PROBLEM REQUIREMENTS =>
Faithfully repeat each entry below, minus the pictures.

Scraped caption text data
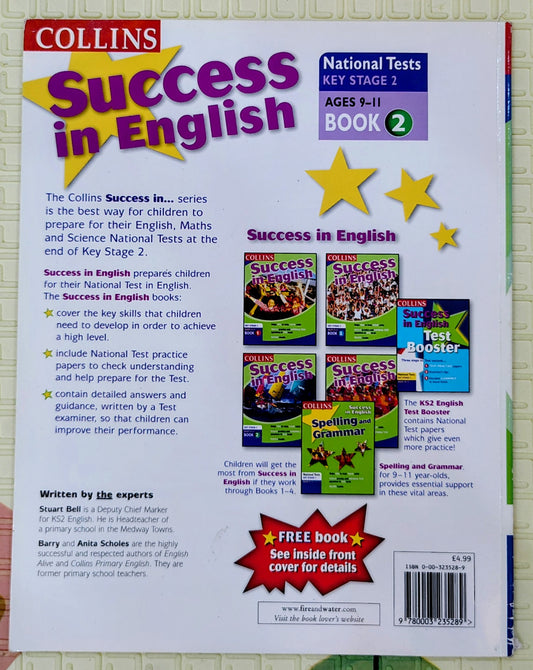 Collins Success in English Book 2 | Collins | Educational & Test Practice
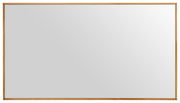Rechteckiger Spiegel mit schmalem Holzrahmen, Frontalansicht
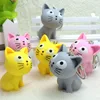 LED cartoon Chi cheese cat talking and lighting key pendant mobile phone bag accessories light torch flashlight with keychain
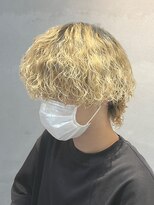 ダブル(W) メンズ/ルーズパーマ/ハイトーン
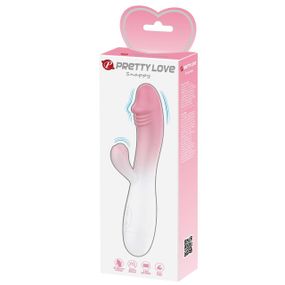 Вібратор-кролик PRETTY LOVE - SNAPPY, light pink, 30 vibration functions sexstyle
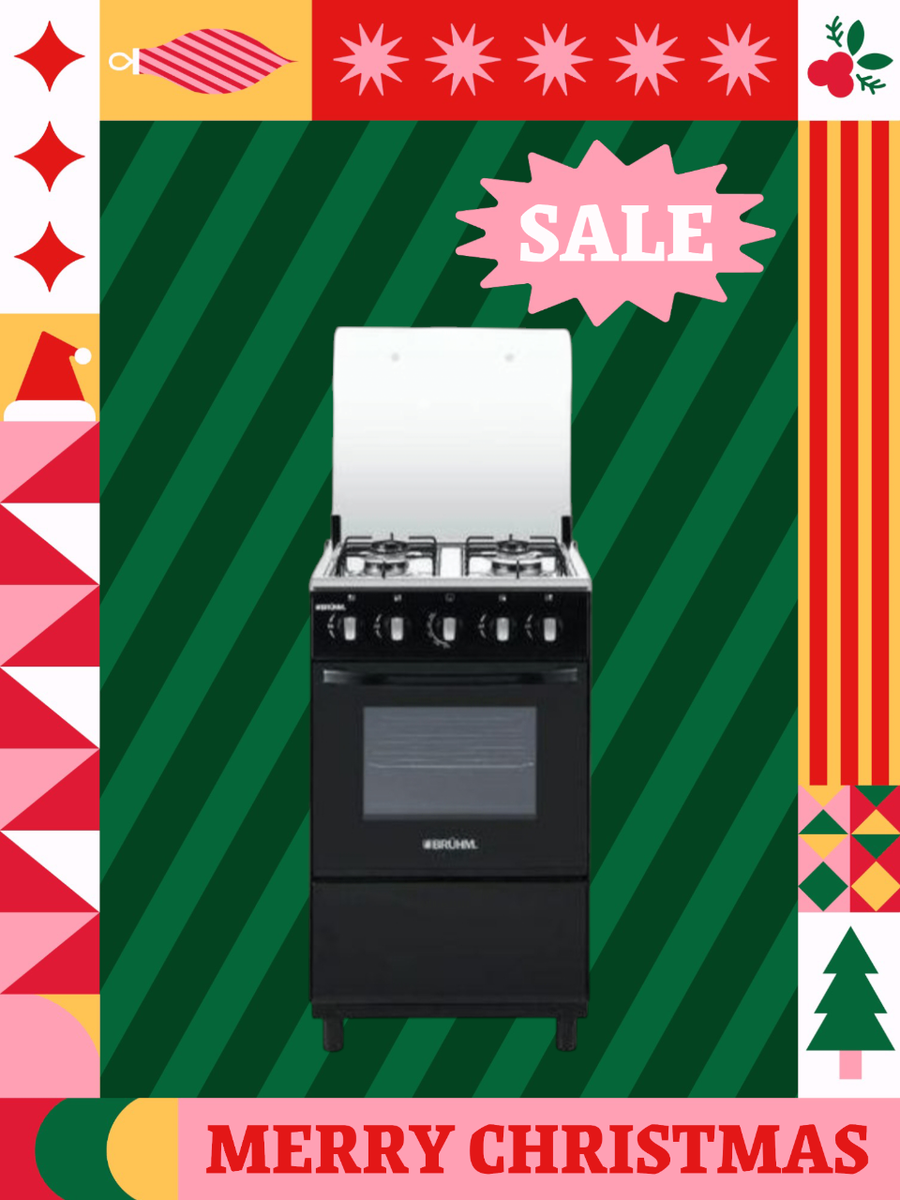 Bruhm top notch 4 burner standing oven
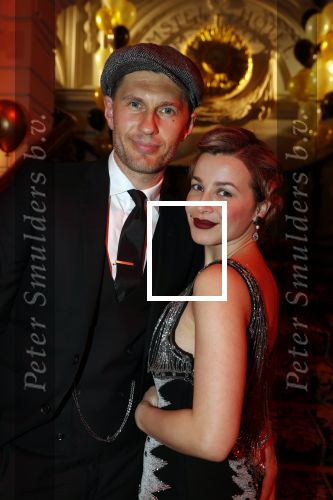 Amsterdam 4 april 2018
Feestje magnum ijs in het Amstel Hotel. Victoria Koblenko met partner Levchenko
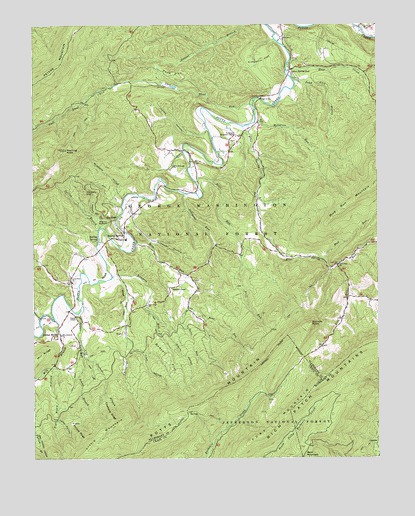 Jordan Mines, VA USGS Topographic Map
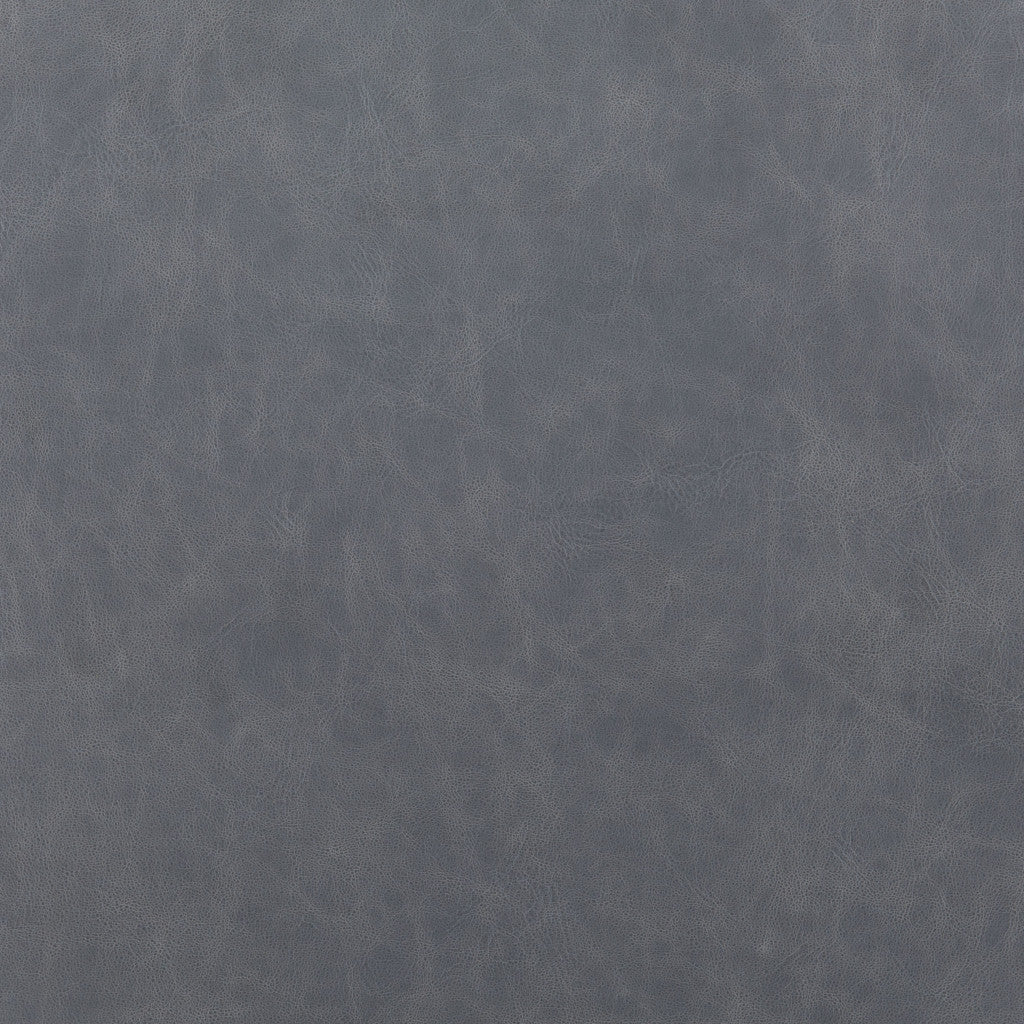 Set of Two Gray And Black Upholstered Faux Leather Dining Side Chairs-7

EXERCISE RESPONSE =>
 Collins Success in English Book 2 | Collins | Educational & Test Practice
Rechteckiger Spiegel mit schmalem Holzrahmen, Frontalansicht
 LED cartoon Chi cheese cat talking and lighting key pendant mobile phone bag accessories light torch flashlight with keychain
 ダブル(W) メンズ/ルーズパーマ/ハイトーン
 Вібратор-кролик PRETTY LOVE - SNAPPY, light pink, 30 vibration functions sexstyle
 Bruhm top notch 4 burner standing oven
 Amsterdam 4 april 2018
Feestje magnum ijs in het Amstel Hotel. Victoria Koblenko met partner Levchenko
 Jordan Mines, VA USGS Topographic Map
 Set of Two Gray And Black Upholstered Faux Leather Dining Side Chairs-7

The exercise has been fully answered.